_TASK_:
Type out every line below exactly as it reads.

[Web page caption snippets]
● ● ● ● ●

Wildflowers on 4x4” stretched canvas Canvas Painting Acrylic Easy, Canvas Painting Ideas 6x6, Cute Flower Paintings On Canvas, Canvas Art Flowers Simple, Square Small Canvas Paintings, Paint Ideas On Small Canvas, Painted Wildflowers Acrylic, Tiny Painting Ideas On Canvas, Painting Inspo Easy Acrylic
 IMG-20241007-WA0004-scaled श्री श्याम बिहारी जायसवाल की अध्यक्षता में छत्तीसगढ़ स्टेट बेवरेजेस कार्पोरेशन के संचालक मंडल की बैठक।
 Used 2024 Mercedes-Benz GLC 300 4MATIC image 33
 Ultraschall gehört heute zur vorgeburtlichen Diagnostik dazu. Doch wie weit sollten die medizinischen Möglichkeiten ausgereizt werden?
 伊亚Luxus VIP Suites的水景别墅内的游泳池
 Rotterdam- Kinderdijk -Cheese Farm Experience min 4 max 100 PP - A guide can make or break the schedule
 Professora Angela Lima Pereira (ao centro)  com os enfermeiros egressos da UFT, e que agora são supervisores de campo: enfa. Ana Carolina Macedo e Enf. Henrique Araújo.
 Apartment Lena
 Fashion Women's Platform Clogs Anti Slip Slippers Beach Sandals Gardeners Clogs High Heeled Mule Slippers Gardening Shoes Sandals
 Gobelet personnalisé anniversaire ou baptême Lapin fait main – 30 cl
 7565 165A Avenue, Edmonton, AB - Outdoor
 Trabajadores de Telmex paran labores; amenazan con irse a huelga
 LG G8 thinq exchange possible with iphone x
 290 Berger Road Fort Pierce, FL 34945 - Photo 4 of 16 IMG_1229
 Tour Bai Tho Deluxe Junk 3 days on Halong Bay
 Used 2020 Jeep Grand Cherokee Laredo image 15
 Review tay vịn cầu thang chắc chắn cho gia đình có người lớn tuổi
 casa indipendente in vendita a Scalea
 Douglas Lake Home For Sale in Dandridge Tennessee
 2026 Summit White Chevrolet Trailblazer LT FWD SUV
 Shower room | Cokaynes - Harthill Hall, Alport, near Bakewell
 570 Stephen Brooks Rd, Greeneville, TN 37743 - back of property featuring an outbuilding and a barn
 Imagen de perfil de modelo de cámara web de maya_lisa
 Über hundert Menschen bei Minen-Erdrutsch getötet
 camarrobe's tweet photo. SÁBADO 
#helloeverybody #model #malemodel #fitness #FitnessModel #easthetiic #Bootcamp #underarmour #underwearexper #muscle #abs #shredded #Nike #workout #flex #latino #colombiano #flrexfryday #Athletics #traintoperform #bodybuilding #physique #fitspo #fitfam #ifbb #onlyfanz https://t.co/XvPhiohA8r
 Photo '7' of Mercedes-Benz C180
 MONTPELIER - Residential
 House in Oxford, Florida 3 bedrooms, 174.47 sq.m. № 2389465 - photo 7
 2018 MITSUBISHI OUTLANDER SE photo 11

● ● ● ● ●

_EXPECTED ANSWER_:
Wildflowers on 4x4” stretched canvas Canvas Painting Acrylic Easy, Canvas Painting Ideas 6x6, Cute Flower Paintings On Canvas, Canvas Art Flowers Simple, Square Small Canvas Paintings, Paint Ideas On Small Canvas, Painted Wildflowers Acrylic, Tiny Painting Ideas On Canvas, Painting Inspo Easy Acrylic
 IMG-20241007-WA0004-scaled श्री श्याम बिहारी जायसवाल की अध्यक्षता में छत्तीसगढ़ स्टेट बेवरेजेस कार्पोरेशन के संचालक मंडल की बैठक।
 Used 2024 Mercedes-Benz GLC 300 4MATIC image 33
 Ultraschall gehört heute zur vorgeburtlichen Diagnostik dazu. Doch wie weit sollten die medizinischen Möglichkeiten ausgereizt werden?
 伊亚Luxus VIP Suites的水景别墅内的游泳池
 Rotterdam- Kinderdijk -Cheese Farm Experience min 4 max 100 PP - A guide can make or break the schedule
 Professora Angela Lima Pereira (ao centro)  com os enfermeiros egressos da UFT, e que agora são supervisores de campo: enfa. Ana Carolina Macedo e Enf. Henrique Araújo.
 Apartment Lena
 Fashion Women's Platform Clogs Anti Slip Slippers Beach Sandals Gardeners Clogs High Heeled Mule Slippers Gardening Shoes Sandals
 Gobelet personnalisé anniversaire ou baptême Lapin fait main – 30 cl
 7565 165A Avenue, Edmonton, AB - Outdoor
 Trabajadores de Telmex paran labores; amenazan con irse a huelga
 LG G8 thinq exchange possible with iphone x
 290 Berger Road Fort Pierce, FL 34945 - Photo 4 of 16 IMG_1229
 Tour Bai Tho Deluxe Junk 3 days on Halong Bay
 Used 2020 Jeep Grand Cherokee Laredo image 15
 Review tay vịn cầu thang chắc chắn cho gia đình có người lớn tuổi
 casa indipendente in vendita a Scalea
 Douglas Lake Home For Sale in Dandridge Tennessee
 2026 Summit White Chevrolet Trailblazer LT FWD SUV
 Shower room | Cokaynes - Harthill Hall, Alport, near Bakewell
 570 Stephen Brooks Rd, Greeneville, TN 37743 - back of property featuring an outbuilding and a barn
 Imagen de perfil de modelo de cámara web de maya_lisa
 Über hundert Menschen bei Minen-Erdrutsch getötet
 camarrobe's tweet photo. SÁBADO 
#helloeverybody #model #malemodel #fitness #FitnessModel #easthetiic #Bootcamp #underarmour #underwearexper #muscle #abs #shredded #Nike #workout #flex #latino #colombiano #flrexfryday #Athletics #traintoperform #bodybuilding #physique #fitspo #fitfam #ifbb #onlyfanz https://t.co/XvPhiohA8r
 Photo '7' of Mercedes-Benz C180
 MONTPELIER - Residential
 House in Oxford, Florida 3 bedrooms, 174.47 sq.m. № 2389465 - photo 7
 2018 MITSUBISHI OUTLANDER SE photo 11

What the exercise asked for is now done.